Or at least I think that's what it would be called. I'm not entirely sure if there's already a phrase for it, or if what I'm proposing is new.

Also, I'd like to apologize if this seems rushed or haphazardly put together. That's because it is. I'm currently at work, typing this out on a galaxy s3 that I've had since s3's were new. Hopefully I'll be able to fix it up later. I just wanted to get it up now while I worked myself up enough to ask for help.

For the past few months I've been doing this daily exercise were I take a writing prompt and use it to create a short story, usually ranging from 500-1,000 words, in 15-30 minutes. I call them tiny tales. Now, I'll be the first to admit none of them are anywhere near perfect when first finished, but I feel many have enough potential to be openly shown online after editing. Problem is there are a lot of them, and if I take my time to edit(which I'm terrible at and will get to in a minute) I'll never get be able to finish them all.

Ultimately, I would like to be able to write, and edit a single story, under 2000 words long on a daily basis. How this done is the problem. What I've been thinking is maybe some kind of section system might work.

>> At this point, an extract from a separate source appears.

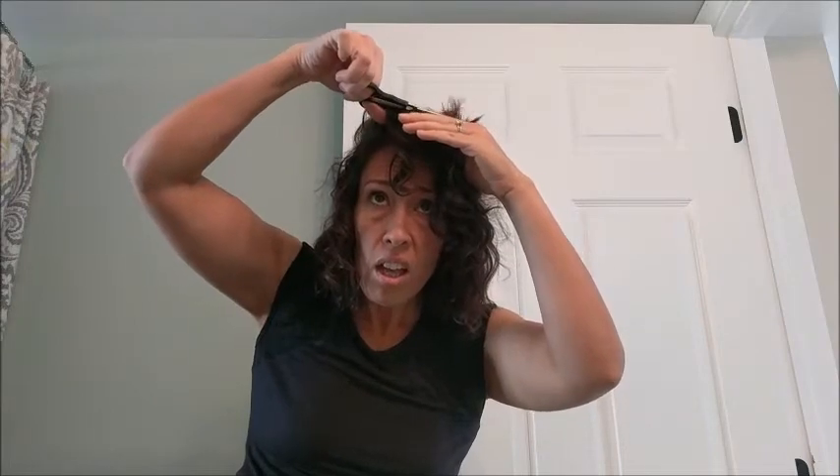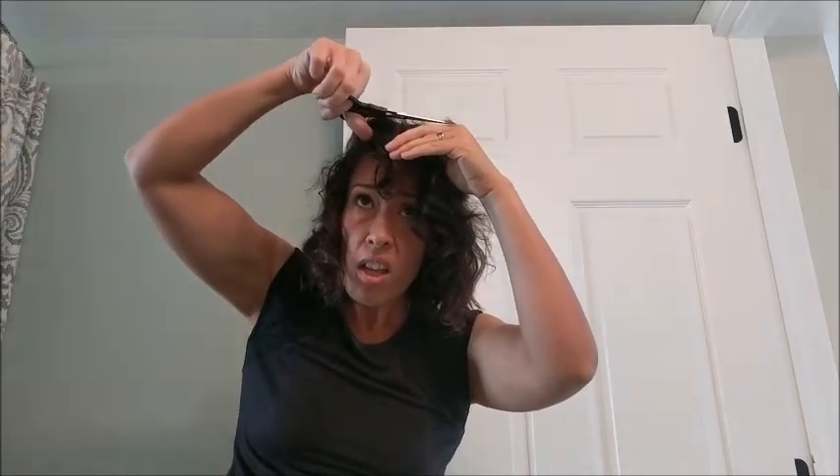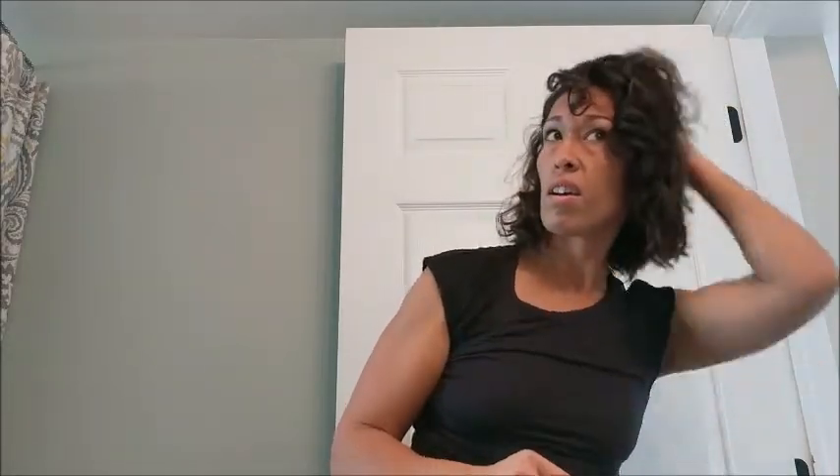Now that I do know about my curly hair, I was willing to take more of a risk. I'm really excited about how it turned out. Here I am just making sure the layers are a little bit shorter in the back, trying not to cut my finger — and that was that. Here's the end result.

It would be something like that.
Day 1: Do writing Prompt(1)
Day 2: Reread Writing Prompt (1)
Day 3: Take a break from working on (1) but make notes
Day 4: First, rough draft (1), incorporating notes
Day 5: Polish(Fix grammar)

This would work like a conveyor belt and a different part of a different story would be done each day.
I like this idea because I don't spend a whole lot of time working on a single story everyday, but it might not work because its never a good idea to keep splitting attention from one work to another.

As far as editing goes, I've got a lot of the basics down, I think. My only real problem is I never know when a story is ready. For every story I've ever thought I've finished with editing I find myself coming up with things to add or change weeks later.